AIM OF THE EXERCISE: Could you repeat every line below exactly, skipping the images?

GIVEN DATA:
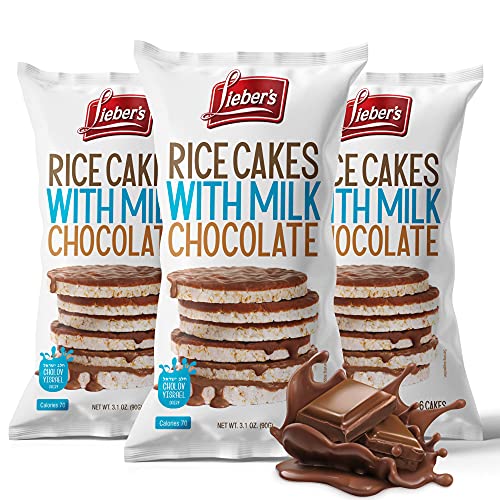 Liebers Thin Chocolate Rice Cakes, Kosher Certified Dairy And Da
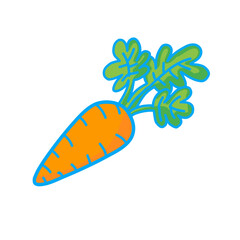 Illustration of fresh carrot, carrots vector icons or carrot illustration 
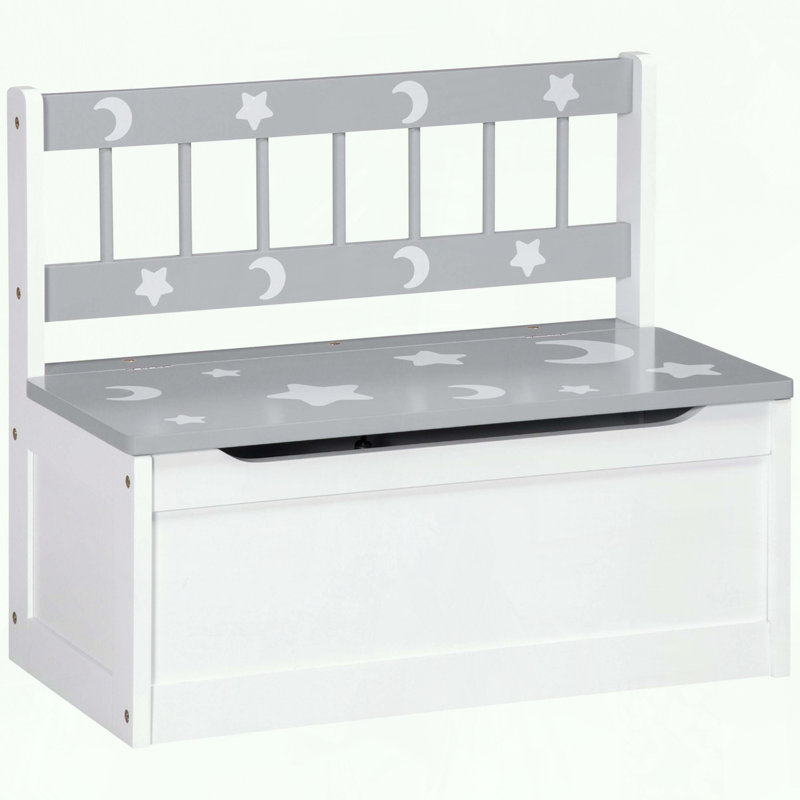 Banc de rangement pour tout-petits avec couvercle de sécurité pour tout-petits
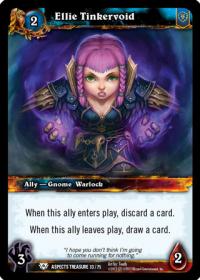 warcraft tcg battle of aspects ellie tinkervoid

EXPECTED OUTPUT:
 Liebers Thin Chocolate Rice Cakes, Kosher Certified Dairy And Da
 Illustration of fresh carrot, carrots vector icons or carrot illustration 
 Banc de rangement pour tout-petits avec couvercle de sécurité pour tout-petits
 warcraft tcg battle of aspects ellie tinkervoid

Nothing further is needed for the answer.